Mais dans la réalité des organisations, elle reste souvent périphérique : outils isolés, usages ponctuels, expérimentations sans véritable transformation structurelle.
Dans l’écosystème Atlassian, une évolution plus profonde est en cours.
L’IA ne se présente plus comme un module à part.
Elle s’intègre progressivement au cœur du travail quotidien.
Pour Laurent Sallard, expert Atlassian chez Dropteam, le sujet n’est pas de savoir si l’IA est performante, mais si l’organisation est prête à en exploiter le potentiel.
Une IA intégrée dans Jira et Confluence
L’IA intégrée dans la plateforme Atlassian permet désormais :
- la génération et la reformulation de contenus,
- la synthèse de pages ou de réunions,
- l’assistance à la priorisation,
- l’automatisation intelligente de workflows,
- l’amélioration des processus ITSM.
Ces fonctionnalités deviennent naturelles dans les outils utilisés au quotidien.
Mais l’évolution la plus structurante concerne Rovo.
Rovo : une IA ancrée dans la structuration du travail
Ce qui différencie Rovo d’une IA externe générique n’est pas uniquement son intégration technique.
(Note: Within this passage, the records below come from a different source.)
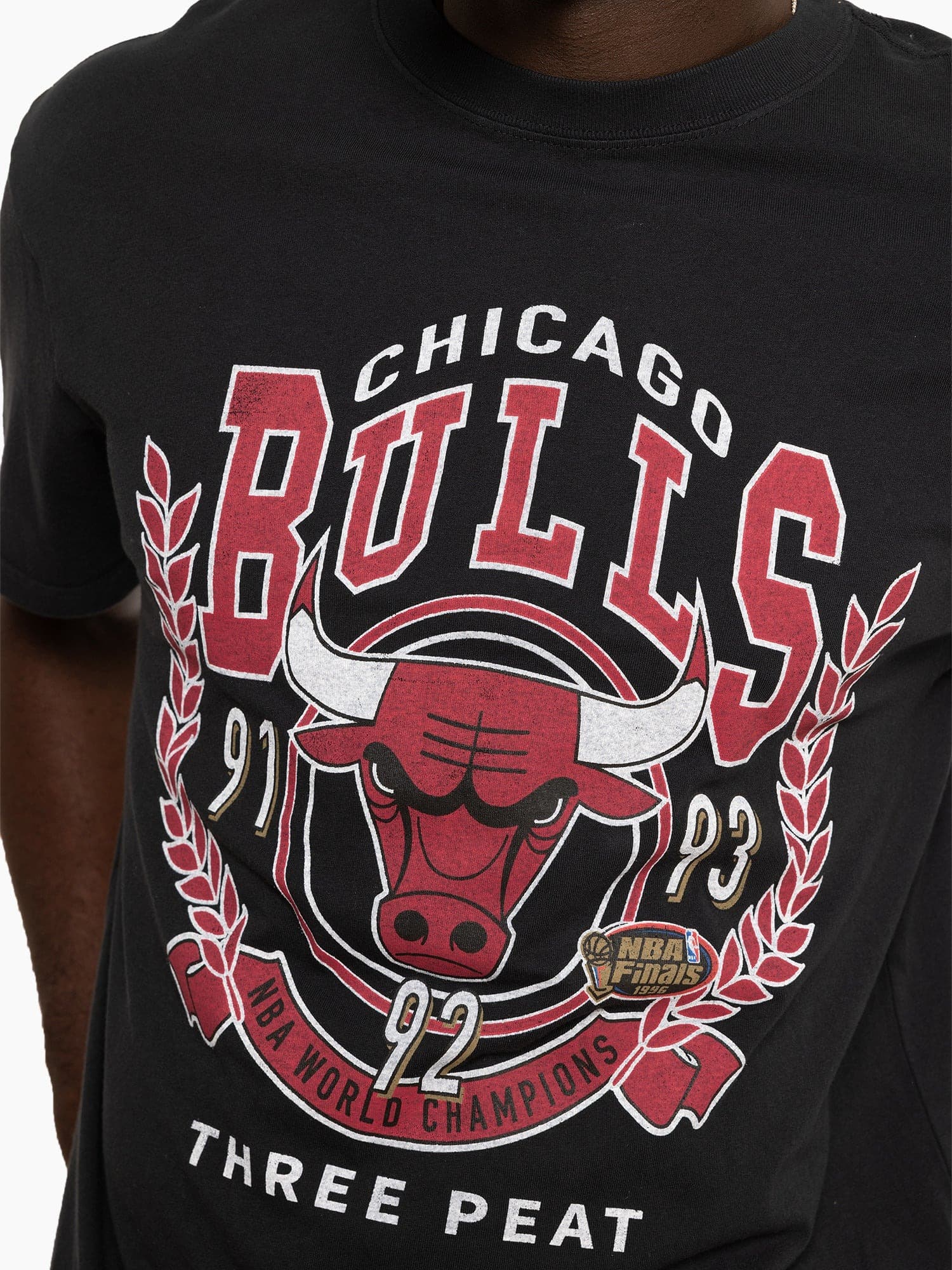 Футболка Mitchell & Ness Chicago Bulls Vintage Arch T-Shirt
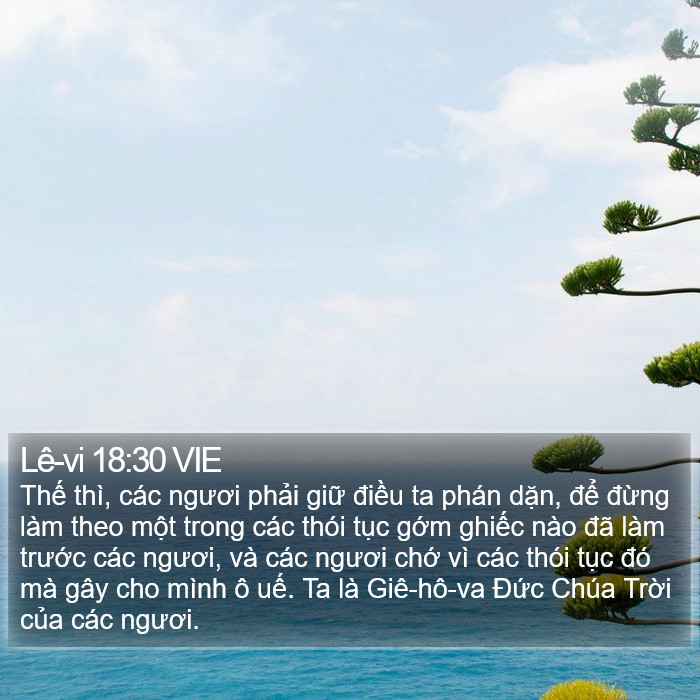 Lê-vi 18:30 VIE Bible Study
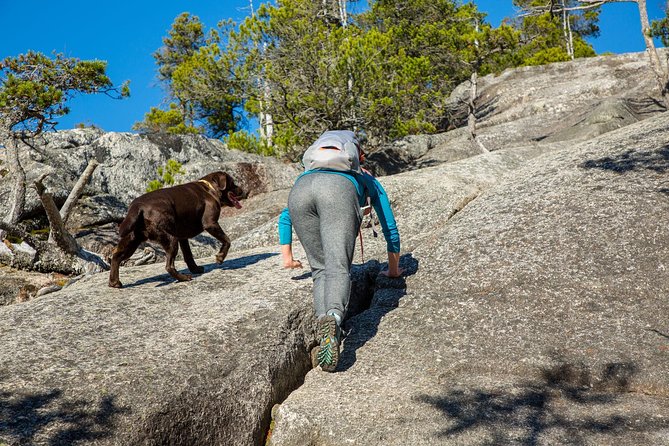 Stawamus Chief Hike & Local Brewery Tasting - Stawamus Chief Trail Hike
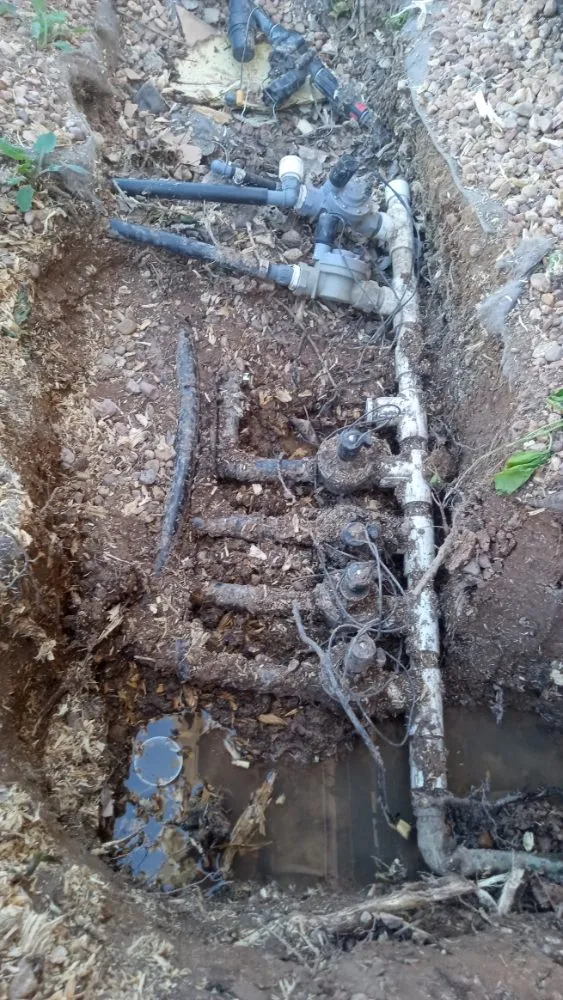 Expert yard cleanup service in Fort Collins, CO by B&T Landscape&Snow Solutions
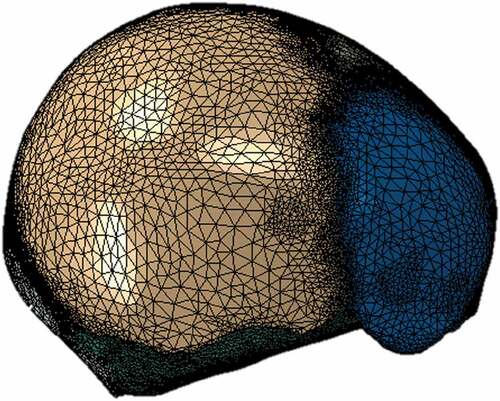 Figure 3. Assembly of the skull model in Abaqus CAE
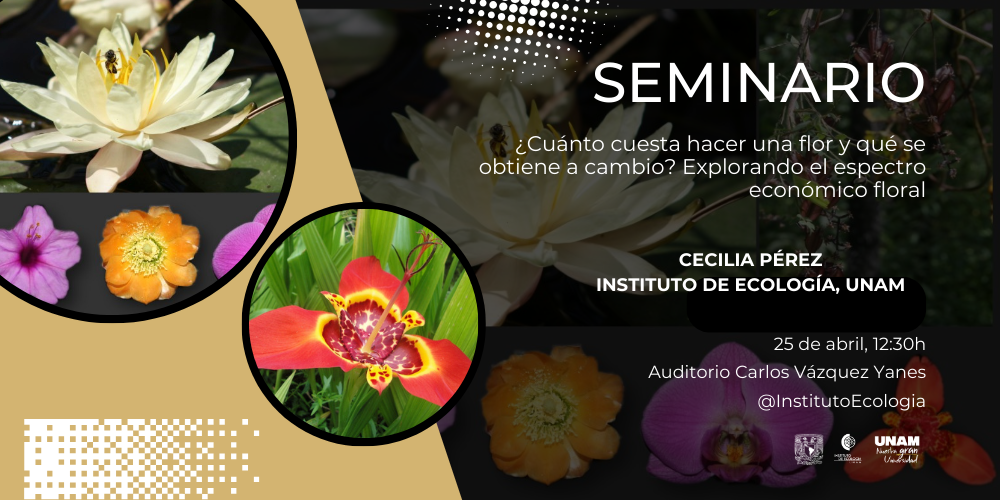 Seminario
C’est le fait qu’il s’appuie sur un environnement où le travail est déjà organisé et relié.
Dans la plateforme Atlassian, le travail n’est pas une accumulation de documents.
Il est structuré autour :
- d’objectifs stratégiques,
- de projets alignés sur ces objectifs,
- d’initiatives transformées en actions,
- de responsabilités clairement identifiées,
- de décisions formalisées,
- d’un historique traçable des contributions.
Chaque élément est connecté : équipes, livrables, incidents, validations, déploiements.
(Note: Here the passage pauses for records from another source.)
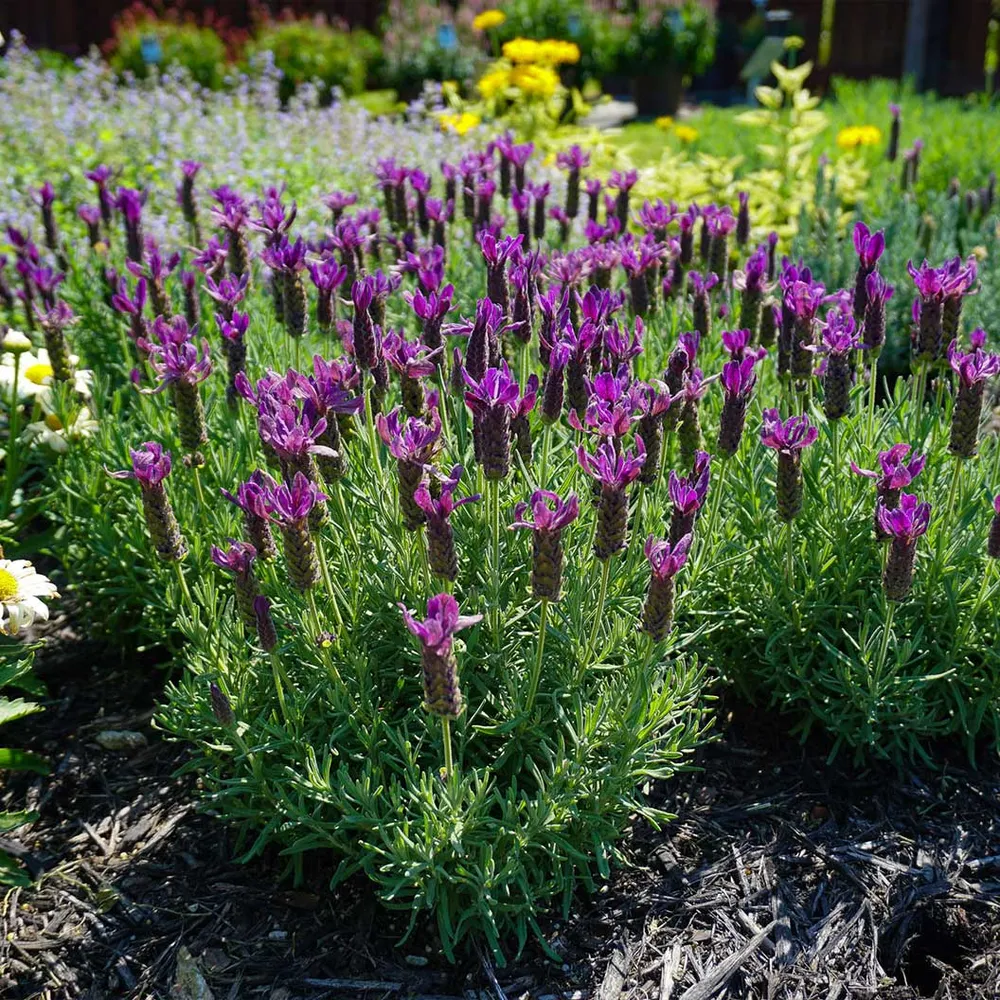 Primavera Spanish Lavender Plant - Drought-Tolerant Flowering Perennial 2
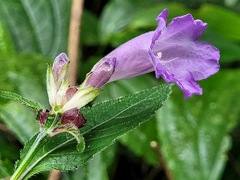 Strobilanthes formosana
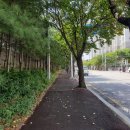 안흥초 사거리 이미지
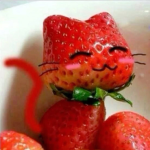 strawberry-land
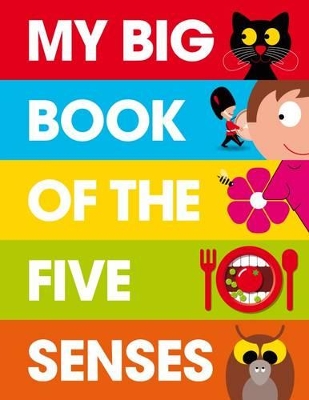 My Big Book of the Five Senses book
Cette organisation permet à l’IA de produire des réponses contextualisées, cohérentes et exploitables.
Cas concret : la synthèse managériale
Prenons un exemple simple.
Un manager demande : « Quels sont les trois principaux accomplissements réalisés par mon équipe cette semaine ? »
Sans structuration préalable, une IA externe produira un résumé générique.
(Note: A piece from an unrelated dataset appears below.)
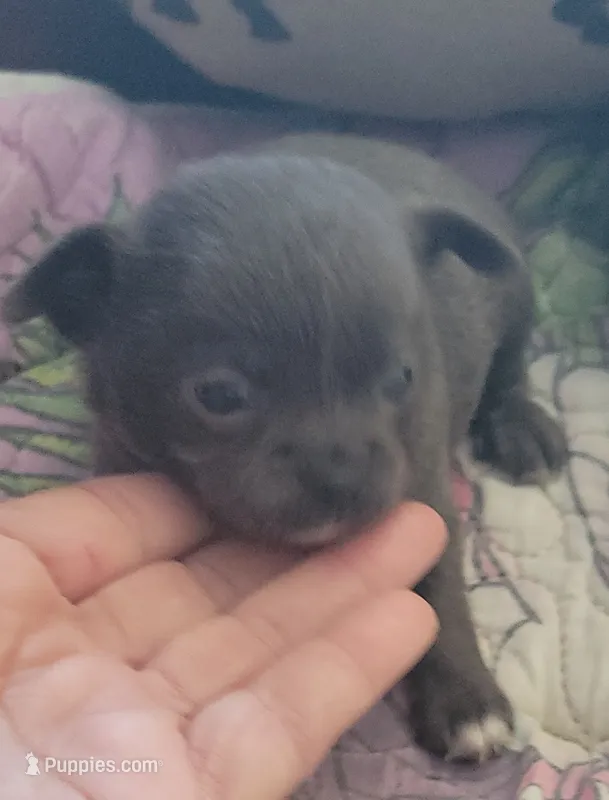 Blue – Chihuahua puppy for sale in Zanesville, OH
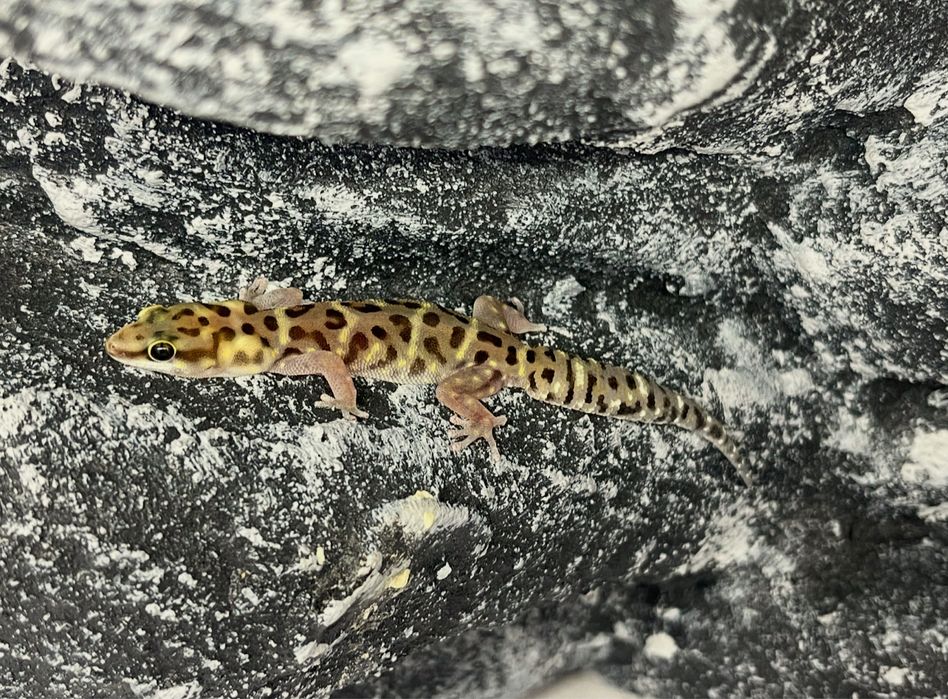 Gekon tygrysi Gekony tygrysie Pachydactylus tigrinus Płońsk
Dans un environnement organisé, l’IA peut relier :
- un incident critique résolu,
- une décision structurante prise en cours de projet,
- un déploiement en production,
- des indicateurs d’amélioration mesurables.
La réponse devient une lecture consolidée du travail réalisé.
Ce n’est plus un simple décompte d’activités. C’est une synthèse orientée impact.
Une vision transverse grâce aux outils connectés
Autre évolution notable : la capacité à exploiter des outils tiers.
Lorsque l’environnement est connecté à un CRM ou à d’autres systèmes métiers, l’IA peut relier :
- une demande client,
- un projet lancé en réponse,
- une livraison effectuée,
- et son impact business.
L’IA dépasse alors le cadre opérationnel pour devenir un outil d’analyse transverse.
Automatisation : accélération ou complexification ?
L’automatisation progresse fortement dans Jira et Jira Service Management.
Les organisations peuvent :
- déclencher des actions multi-étapes,
- enrichir automatiquement les tickets,
- structurer les flux de traitement.
Mais sans gouvernance claire, l’automatisation peut générer de la complexité et de la dette organisationnelle.
La maturité ne se mesure pas au nombre de règles automatisées, mais à leur cohérence.
Gouvernance : le facteur déterminant
Plus l’IA est intégrée, plus la qualité de la structuration devient critique.
Structuration des projets, qualité des données, cohérence des workflows, gestion des accès :
- si ces éléments sont faibles, l’IA amplifie les incohérences.
- Si ces éléments sont maîtrisés, l’IA devient un levier de performance.
L’intelligence artificielle ne corrige pas une organisation désorganisée.
Elle en révèle les forces et les faiblesses.
Une transformation organisationnelle avant tout
En 2026, l’enjeu Atlassian + IA dépasse largement la dimension technologique.
Il concerne :
- l’alignement entre stratégie et exécution,
- la lisibilité des processus,
- la qualité des données,
- la capacité à relier collaboration et performance.
Pour Laurent Sallard, l’IA est un accélérateur.
Mais elle ne remplace ni la réflexion organisationnelle ni la gouvernance.